_TASK BRIEF_:
Repeat the lines below exactly as written, please, from the line with "Vauxhall Insignia view 14" to the line with "Maestra termina en", both lines included, and no others.

_ENTRIES SHOWN_:

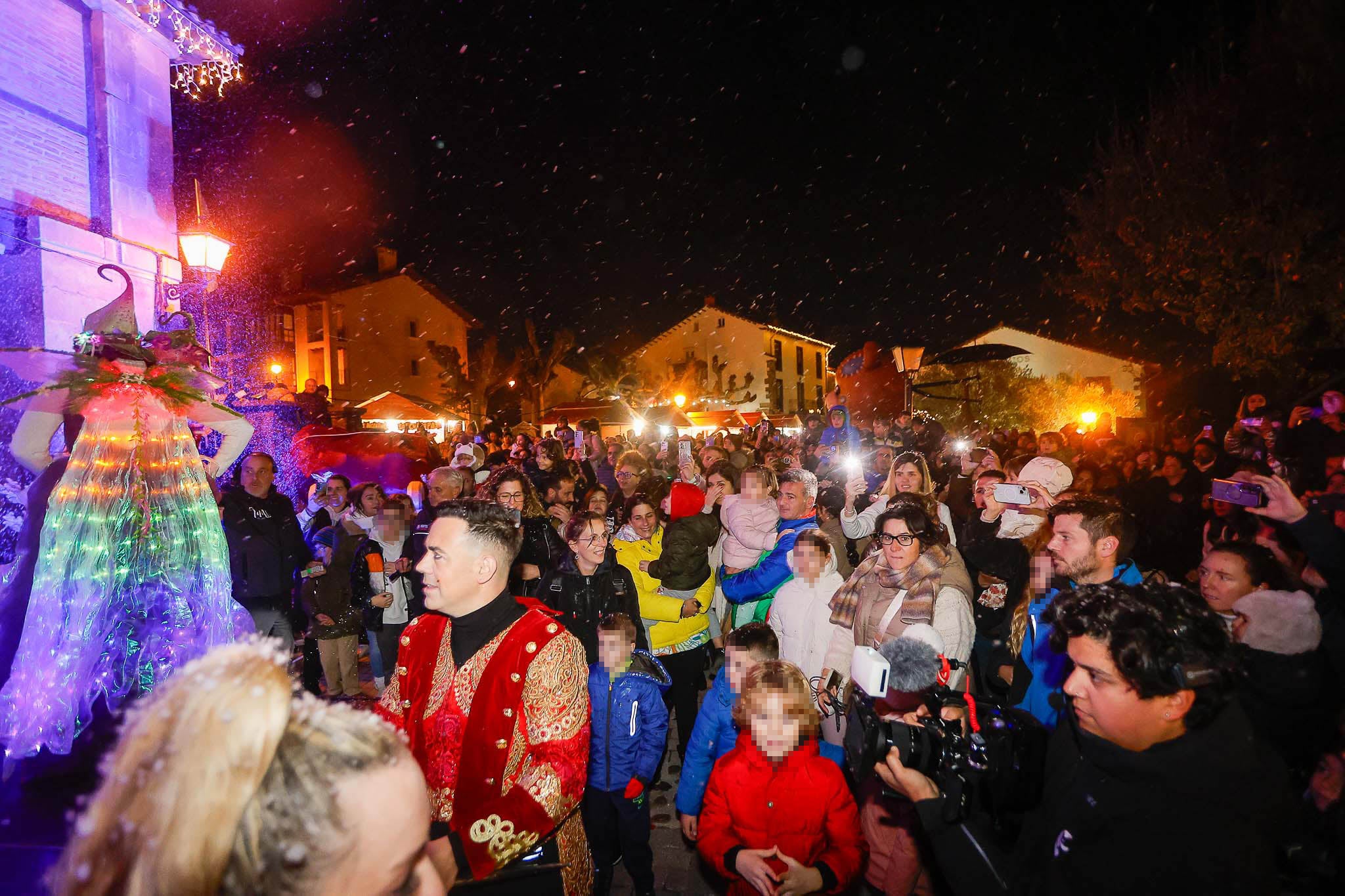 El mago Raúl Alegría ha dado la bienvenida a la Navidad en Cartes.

---

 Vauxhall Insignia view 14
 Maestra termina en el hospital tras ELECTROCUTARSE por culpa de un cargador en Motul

_COMPLETED TASK_:
 Vauxhall Insignia view 14
 Maestra termina en el hospital tras ELECTROCUTARSE por culpa de un cargador en Motul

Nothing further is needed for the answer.